#### Data section
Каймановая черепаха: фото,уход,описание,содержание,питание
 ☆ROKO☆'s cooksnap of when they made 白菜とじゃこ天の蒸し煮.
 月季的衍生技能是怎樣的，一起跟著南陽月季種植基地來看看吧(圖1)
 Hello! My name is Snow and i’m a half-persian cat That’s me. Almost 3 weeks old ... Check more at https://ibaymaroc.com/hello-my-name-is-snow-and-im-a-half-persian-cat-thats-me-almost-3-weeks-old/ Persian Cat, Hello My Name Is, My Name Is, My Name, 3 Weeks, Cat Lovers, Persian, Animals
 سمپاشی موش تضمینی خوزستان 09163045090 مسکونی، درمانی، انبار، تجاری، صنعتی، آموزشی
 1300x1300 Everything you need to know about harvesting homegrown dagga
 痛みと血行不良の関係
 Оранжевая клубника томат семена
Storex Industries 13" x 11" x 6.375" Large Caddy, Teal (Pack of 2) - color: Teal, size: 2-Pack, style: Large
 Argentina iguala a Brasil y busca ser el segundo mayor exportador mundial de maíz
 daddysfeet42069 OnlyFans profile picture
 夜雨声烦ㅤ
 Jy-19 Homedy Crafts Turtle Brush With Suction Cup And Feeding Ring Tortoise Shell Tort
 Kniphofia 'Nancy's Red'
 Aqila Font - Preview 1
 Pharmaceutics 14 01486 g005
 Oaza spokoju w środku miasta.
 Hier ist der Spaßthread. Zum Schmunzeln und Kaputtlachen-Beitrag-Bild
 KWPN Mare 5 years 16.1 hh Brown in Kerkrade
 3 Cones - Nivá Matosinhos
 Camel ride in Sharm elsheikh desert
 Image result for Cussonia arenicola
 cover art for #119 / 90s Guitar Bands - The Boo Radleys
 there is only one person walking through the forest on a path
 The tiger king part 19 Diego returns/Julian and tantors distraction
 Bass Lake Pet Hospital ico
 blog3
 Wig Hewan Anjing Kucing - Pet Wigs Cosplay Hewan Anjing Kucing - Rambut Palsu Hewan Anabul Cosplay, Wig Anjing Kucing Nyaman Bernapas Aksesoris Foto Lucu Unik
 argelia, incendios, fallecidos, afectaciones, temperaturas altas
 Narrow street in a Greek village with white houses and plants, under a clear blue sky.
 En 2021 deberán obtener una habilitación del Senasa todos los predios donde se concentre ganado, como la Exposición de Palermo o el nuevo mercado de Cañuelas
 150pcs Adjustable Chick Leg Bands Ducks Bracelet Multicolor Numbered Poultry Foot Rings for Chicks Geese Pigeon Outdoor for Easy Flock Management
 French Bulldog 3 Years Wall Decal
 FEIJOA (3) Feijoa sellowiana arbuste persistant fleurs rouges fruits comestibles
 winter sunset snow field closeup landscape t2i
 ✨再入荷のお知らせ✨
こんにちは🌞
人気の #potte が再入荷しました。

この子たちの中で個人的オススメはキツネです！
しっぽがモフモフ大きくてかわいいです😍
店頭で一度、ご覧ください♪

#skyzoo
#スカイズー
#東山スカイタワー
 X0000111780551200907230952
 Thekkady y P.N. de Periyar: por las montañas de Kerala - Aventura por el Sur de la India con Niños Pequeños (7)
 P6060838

#### How to complete this task
Whenever a line in the listing above includes the word "Bands", return that line.

#### Task result
 cover art for #119 / 90s Guitar Bands - The Boo Radleys
 150pcs Adjustable Chick Leg Bands Ducks Bracelet Multicolor Numbered Poultry Foot Rings for Chicks Geese Pigeon Outdoor for Easy Flock Management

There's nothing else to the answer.